=== Given records ===

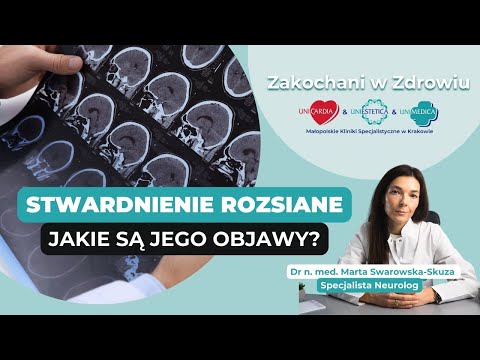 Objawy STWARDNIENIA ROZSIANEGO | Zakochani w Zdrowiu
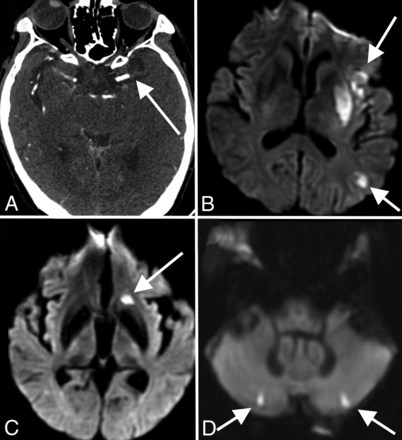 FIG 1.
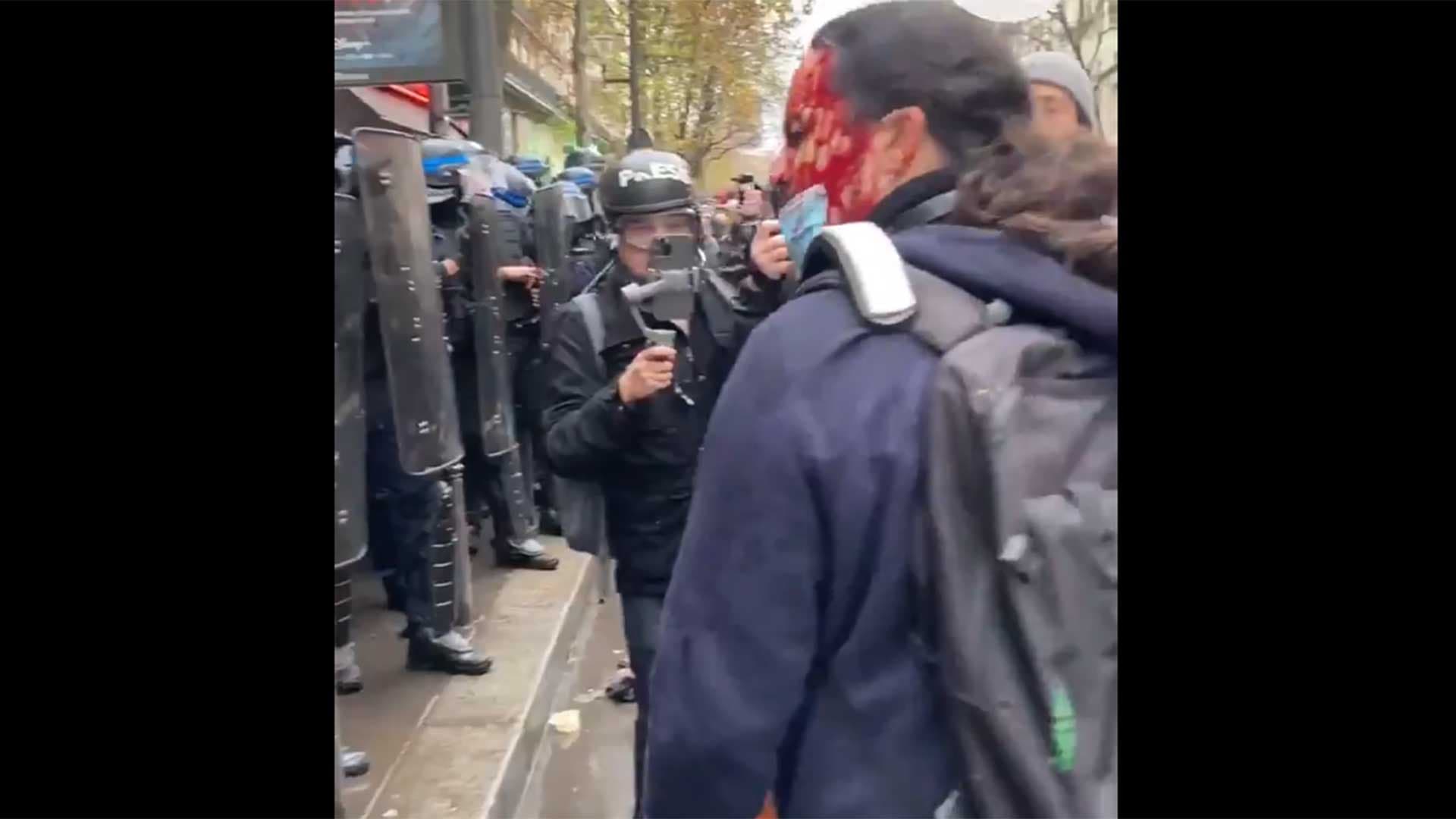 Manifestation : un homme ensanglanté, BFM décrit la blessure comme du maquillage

===
=== Given records ===

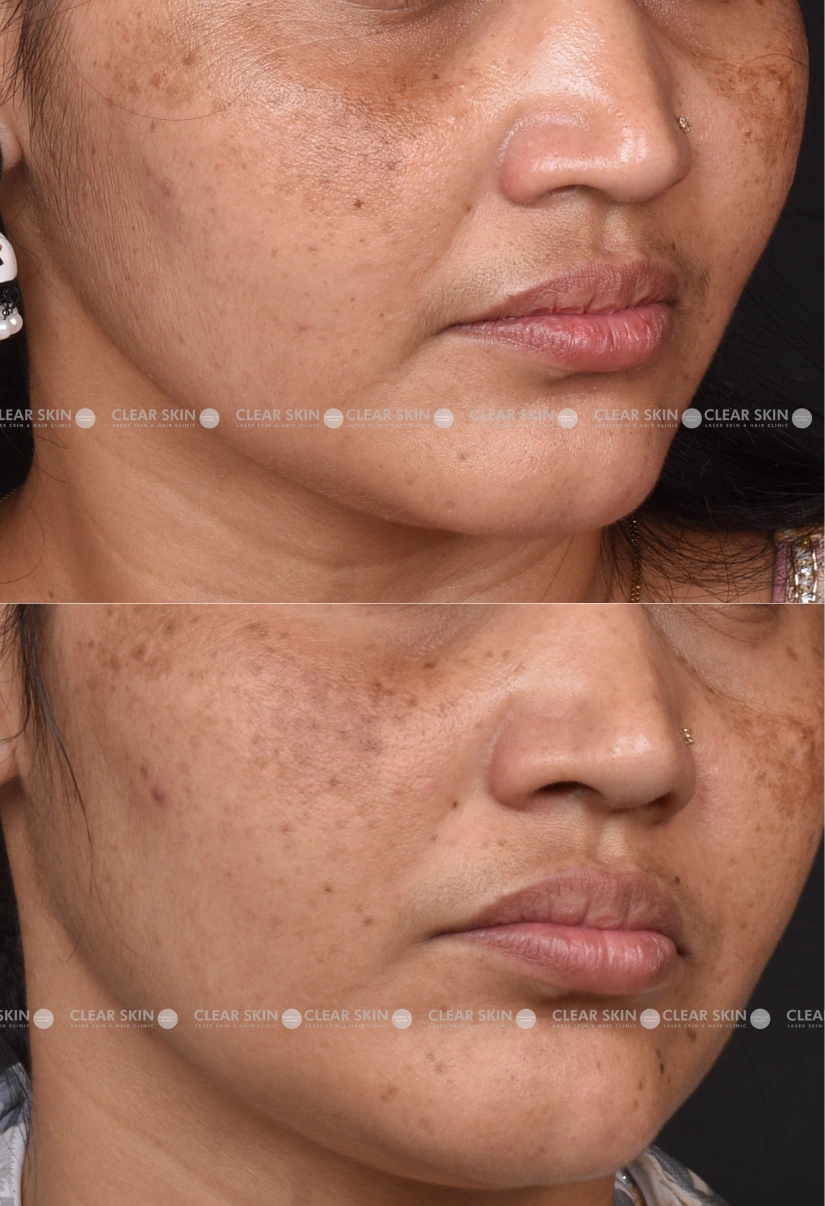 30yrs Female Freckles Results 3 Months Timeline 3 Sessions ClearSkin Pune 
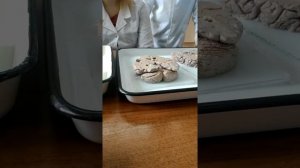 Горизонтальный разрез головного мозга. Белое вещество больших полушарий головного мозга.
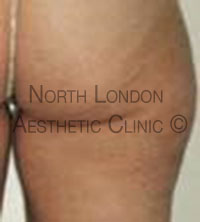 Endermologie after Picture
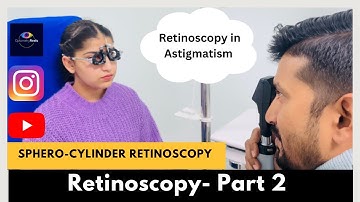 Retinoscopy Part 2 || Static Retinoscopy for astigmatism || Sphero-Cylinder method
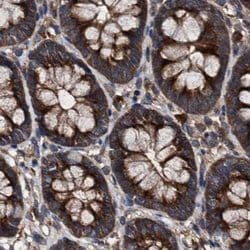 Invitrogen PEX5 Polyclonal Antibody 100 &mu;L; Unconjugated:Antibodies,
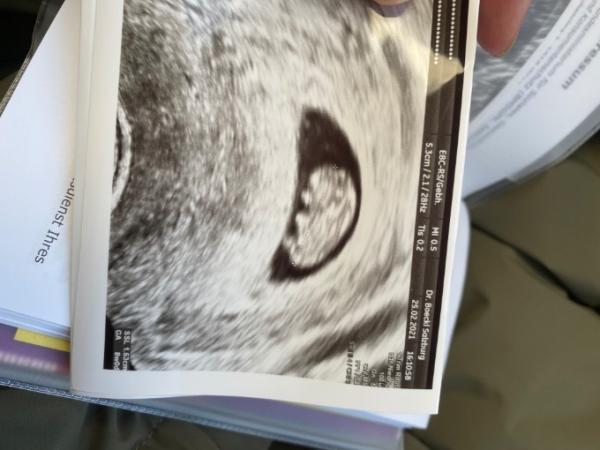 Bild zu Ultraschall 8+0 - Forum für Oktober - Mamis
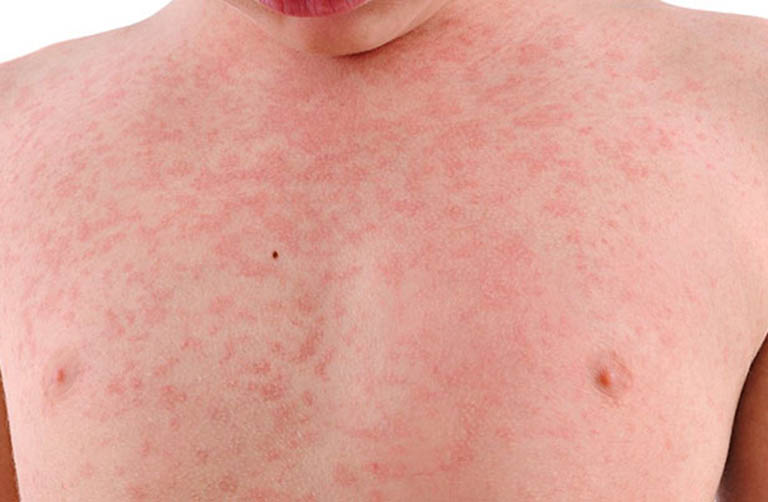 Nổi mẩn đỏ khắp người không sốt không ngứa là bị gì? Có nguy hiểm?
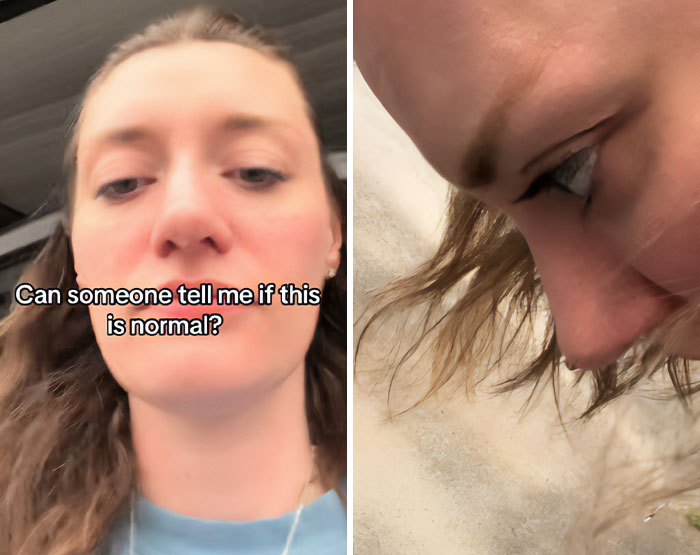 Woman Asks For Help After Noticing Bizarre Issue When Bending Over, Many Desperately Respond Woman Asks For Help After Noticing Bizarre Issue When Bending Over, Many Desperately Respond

===

# [Assignment]
Of the lines above, quote exactly those from the one with "Endermologie after Picture" through the one with "Bild zu Ultraschall", ends included; pictures stay out.

# [Exercise answer]
 Endermologie after Picture
 Retinoscopy Part 2 || Static Retinoscopy for astigmatism || Sphero-Cylinder method
 Invitrogen PEX5 Polyclonal Antibody 100 &mu;L; Unconjugated:Antibodies,
 Bild zu Ultraschall 8+0 - Forum für Oktober - Mamis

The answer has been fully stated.